A conclusão é de estudo da Varonis, fornecedora de soluções de software, que mostrou alto nível de exposição de arquivos corporativos e sensíveis em empresas de 12 países, incluindo uma média de 20% das pastas abertas a todos os funcionários em cada uma das empresas pesquisadas.
Por meio de sua Data Security Platform (DSP), a Varonis conduziu mais de 1 mil risk assessments para clientes e potenciais clientes em um subconjunto de seus arquivos. Esse processo oferece uma série de insights sobre os riscos associados aos dados corporativos, indica onde informações sensíveis estão localizadas, revela áreas superexpostas e de alto risco, e faz recomendações para melhorar a postura de segurança em relação aos dados.

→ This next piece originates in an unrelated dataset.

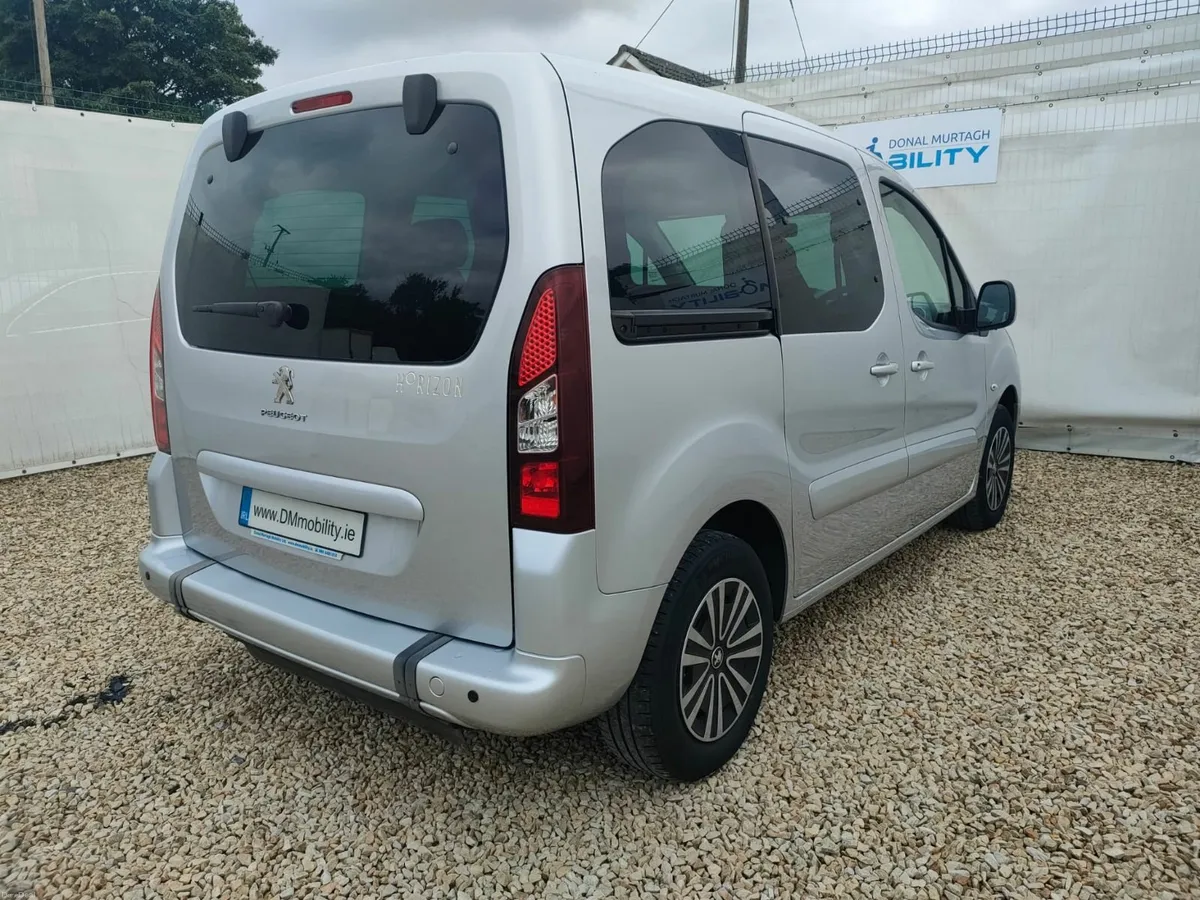 Wheelchair Car - Image 4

Ao todo, o estudo analisou 236,5 milhões de pastas contendo 2,8 bilhões de arquivos, correspondendo a um total de 3,79 petabytes de dados analisados. Deste número, 48.054.198 pastas tinham a todos os grupos da empresa a grupos que garantiam acesso a todos os dados da organização.
Ainda segundo levantamento, 35% das 86,4 milhões de pastas presentes nos sistemas de uma empresa do setor de seguros estavam abertas a todos os funcionários e 80% dos 245.575 arquivos sensíveis de uma instituição bancária estavam acessíveis a todos os funcionários.